We're bringing Australian True Crime live to Brisbane, Sydney and Melbourne this July,

0:04.3

and I have to tell you that Brisbane sold out already.

0:07.4

Good for you, Brisbane, so we've quickly added a second show.

0:10.3

Now we can't keep adding more shows, so please make sure you get your tickets. Our special guests,

0:15.2

our forensic criminologist Santee Mallet in Brisbane and Sydney and the one and only Charlie Bazzina in

0:19.9

Melbourne.
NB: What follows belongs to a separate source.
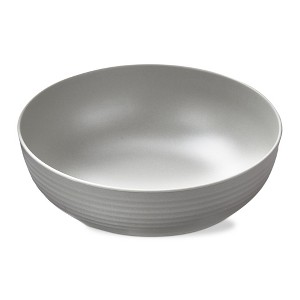 TAG Gray Brooklyn Melamine Brooklyn Melamine Plastic Dinning Serving Bowl Dishwasher Safe Indoor/Outdoor 12x12 inch Serving Bowl - 1 of 2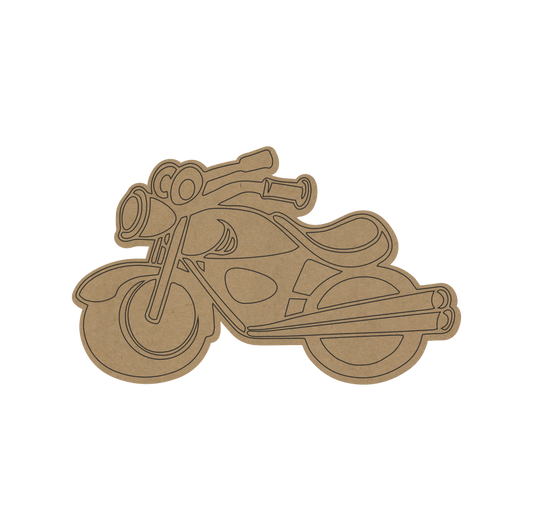 Bike MDF Fridge Magnet – DIY Craft Base for Kids, Painting & Return Gift - 69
There'll be a Q&A of course so you can ask your own burning questions on the night but you have to book quickly.

0:26.0

The producers of this podcast recognize the traditional owners of the land on which it's recorded.

0:40.0

They pay respect to the Aboriginal elders past, present and those emerging.

0:47.0

The following podcast contains content of a graphic violent nature and is not suitable for children.

0:56.0

It's a particularly cruel way to kill someone because you can administer it slowly over a long period of time and it looks like something else.

1:07.6

It doesn't look like poisoning.

1:09.6

So initially, stomach ulcers chronic flu symptoms that then became paralysis

1:16.7

it eventually will send you blind but it also sent people mad.

1:36.4

After World War II, Sydney experienced a crime wave, and it was women who were the perpetrators. The household poison Thallium, normally used to kill rats, was the murder weapon to kill husbands and other inconvenient family members.

1:45.0

Unlike arsenic or cyanide, thallium is colorless, odorless and tasteless.

1:51.0

Victims were misdiagnosed as insane malingerers or ill due to other reasons.

1:56.8

Dr. Tanya Bretherton has delved into these cases of these women and the ways and

2:01.7

reasons why they committed their deeds for her book The Husband Poisoner.

2:09.2

It's called the Husband Poisoner, suburban women who killed in post World War II Sydney.

2:15.0

So why this particular period of time? What was it about this time that saw a number of very high profile cases of women poisoning their husbands or even multiple men.

2:28.0

There's probably two ways to answer that. The first one is that it was convenience. So in New South Wales at the time

2:36.8

we had the availability of a poison that was easy to get, cheap, so it was a heavy metal called thallium, which was commercially

...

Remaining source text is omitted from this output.